Irish cricketers fall just short of famous Pakistan victory
Ireland fell agonisingly short of a first series win against a full-member nation following a two-wicket defeat to Pakistan in the second RSA Insurance one-day international in Dublin.
Ireland had seemed on course for an historic success until eighth-wicket pair Kamran Akmal (81) and Wahab Riaz (47 not out) smashed 93 in 62 balls to break home hearts.
Ed Joyce's first Ireland century had helped the hosts to 229 for nine on a seaming wicket before Pakistan folded to 17 for four in reply.
A giant-killing to match anything Ireland had achieved before appeared within their grasp until Kamran, who spent two seasons in Irish club cricket a decade ago, and Wahab launched their counter-attack.
When Kamran crunched Alex Cusack to the boundary to bring up his half-century Pakistan still required 81 from nine overs.
But when Wahab took 24 from Tim Murtagh's final over Pakistan needed just eight from 18 balls.
While Kamran did not see out the win, as he skied a catch to depart for 81 from 84 balls, Junaid Khan hit the winning runs with eight balls to spare.
It meant Ireland, who had been left deflated by the dramatic tie in Thursday's series opener, were left waiting for a first success over an elite nation in the Republic.
None of the Pakistan top four managed double figures to put Joyce's century, his second in ODIs after he hit 107 for England against Australia six years ago, into perspective.
Trent Johnston kickstarted Pakistan's collapse when he had Imran Farhat well snapped up by Kevin O'Brien low at second slip before Murtagh struck twice in the next over.
He trapped Nasir Jamshed in front without scoring before Mohammad Hafeez, a centurion on Thursday, feathered through to wicketkeeper Gary Wilson.
Ireland's tails were up and while Stirling dropped Misbah-ul-Haq at first slip, Kevin O'Brien made no mistake when Asad Shafiq nicked Johnston's next ball into a now-expectant cordon.
Pakistan were reeling a 17 for four and it could have been even worse when Shoaib Malik edged his first ball between keeper and slip.
Misbah and Malik began to look more assured in a 43-run stand before the skipper offered back a catch to Cusack to depart for 24.
George Dockrell then got the crucial wicket of Malik, after he had reached 43, to an lbw decision the Pakistani appeared unhappy with.
Kamran was left with the tail but with Wahab he found a willing ally as they turned the match away from the home side in a stunning late burst.
Earlier, Joyce was thrust into action almost immediately as Paul Stirling, who hit his second consecutive century against Pakistan on Thursday, failed to trouble the scorers.
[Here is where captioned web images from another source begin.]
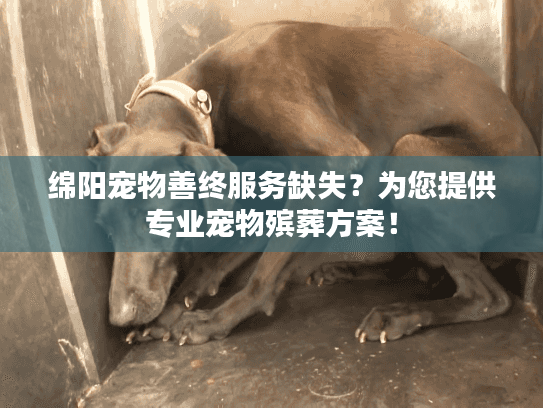 绵阳宠物善终服务缺失？为您提供专业宠物殡葬方案！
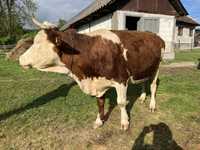 Vaca de vanzare (10 ani)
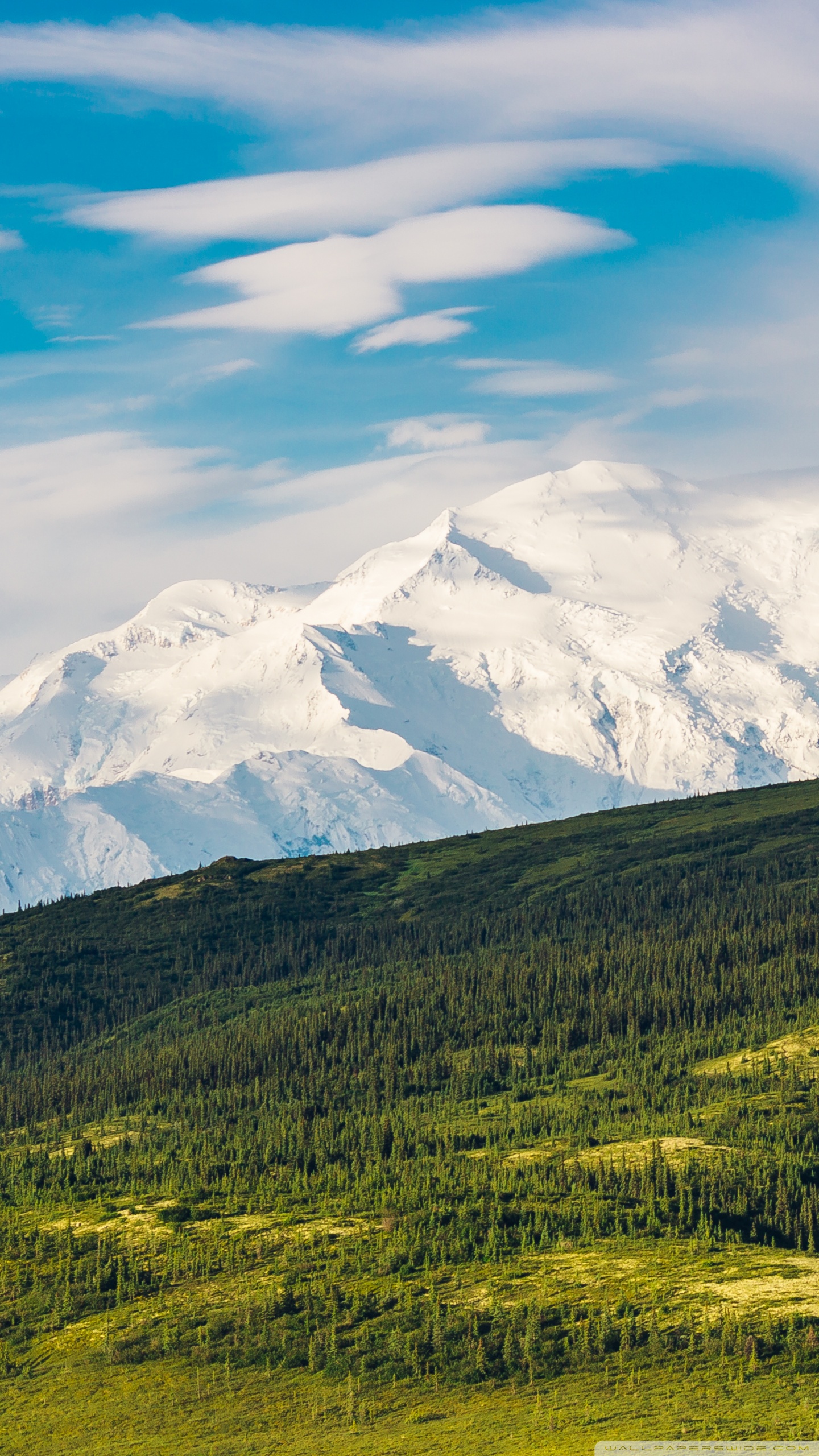 3 HRS Amazing Photography of Denali National Park - Wallpapers Slideshow in  4K UHD - YouTube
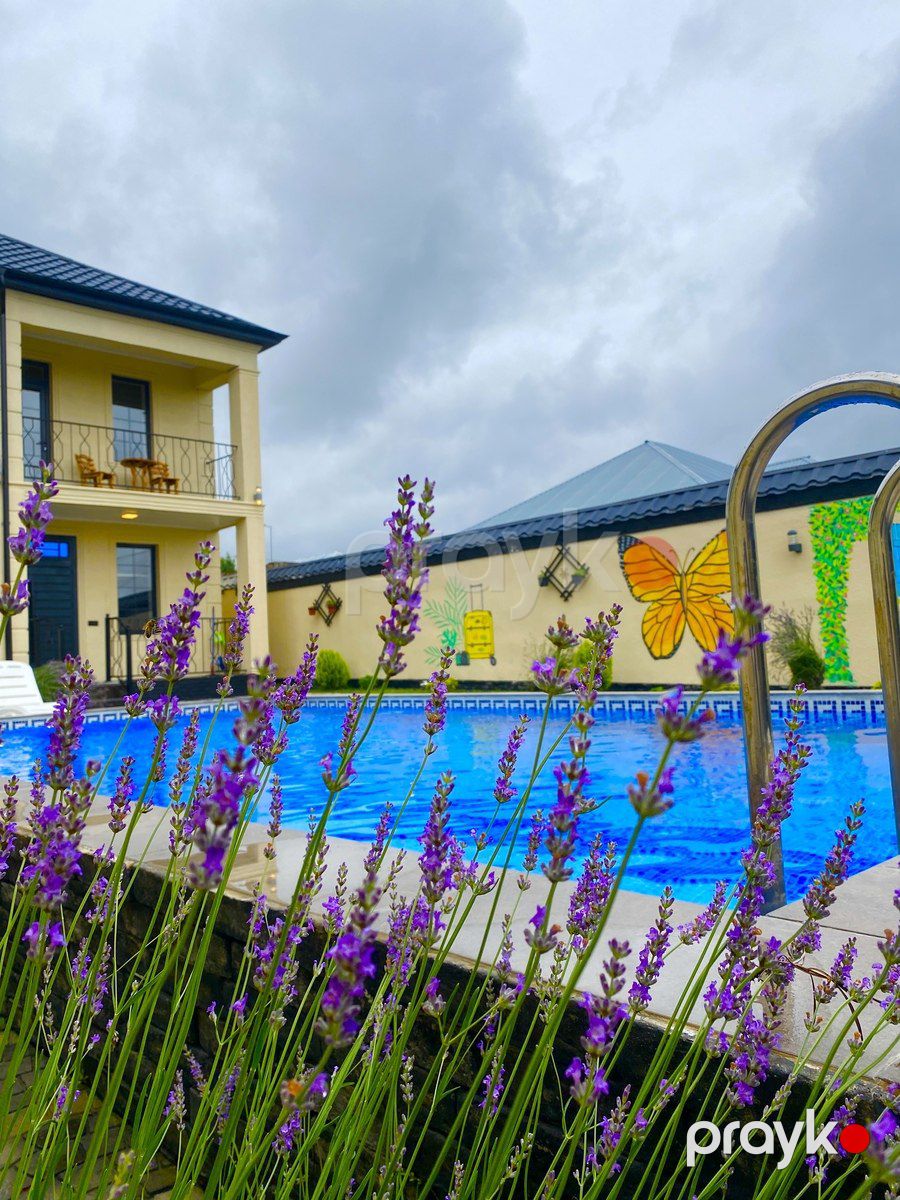 İcarəyə verilir 5 otaqlı həyət evi/bağ evi 200 m² — Ev, villa, Qəbələ (2)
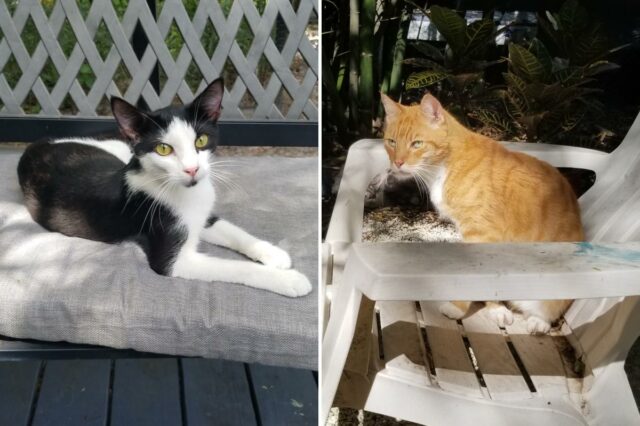 Uma casa de repouso para gatos – o lugar perfeito Uma casa de repouso para gatos – o lugar perfeito para passar seus anos dourados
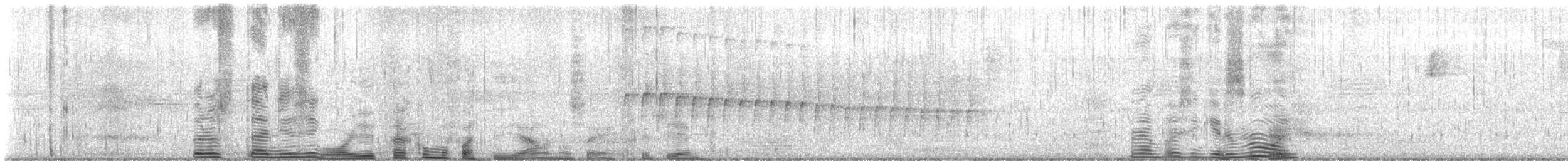 Anabate roux - ML646688650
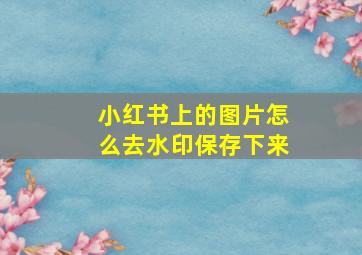 小红书上的图片怎么去水印保存下来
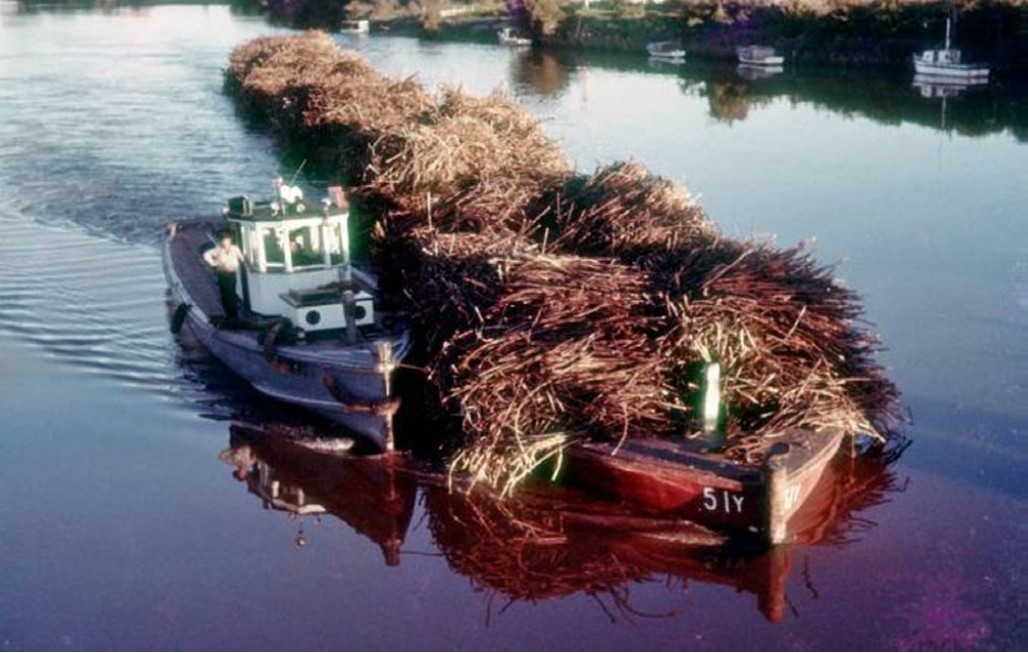 MV Beardmore and punt string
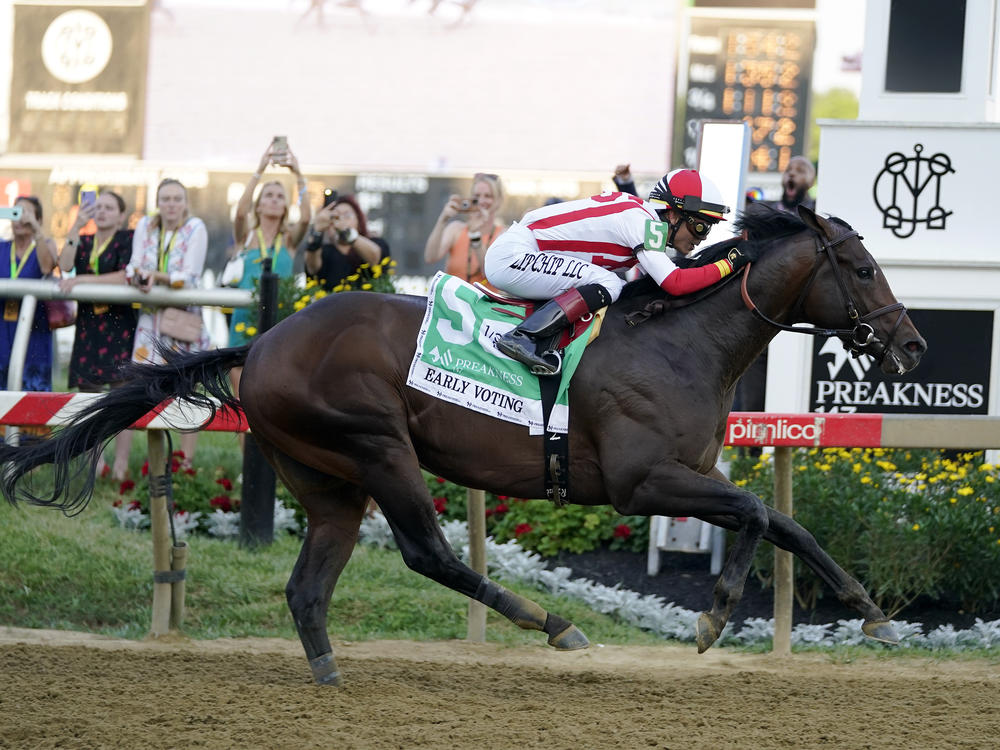 Jose Ortiz atop Early Voting wins the 147th running of the Preakness Stakes horse race at Pimlico Race Course on Saturday in Baltimore.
Stirling spooned a leading edge to mid-wicket off Junaid and when skipper William Porterfield chased at debutant Asad Ali soon after Ireland were in early trouble at four for two.
Ali's first international spell of seven overs returned four maidens at a cost of just nine runs, but Joyce and Niall O'Brien nevertheless steadied matters in a watchful 65-run stand from 120 balls.
O'Brien's patience broke when he flashed a catch through to wicketkeeper Kamran off Wahab before Wilson's attempted sweep off Abdur Rehman ballooned up for Hafeez to take at slip.
Joyce and Kevin O'Brien finally got the innings rolling when they took 53 from the powerplay, taken at the start of the 34th over.
Joyce was dropped on 61 when Hafeez juggled four times at gully and Pakistan were made to pay as nine boundaries came in the five-over restrictions - one more than Ireland had managed until then.
But when the field dropped back O'Brien picked out Jamshed in the deep after hitting 38 from 48 balls.
Ireland then lost momentum but Joyce remained assured and brought up his century by swatting Rehman, who took four for 48 in his first international match since he was banned for testing positive to cannabis, over the ropes.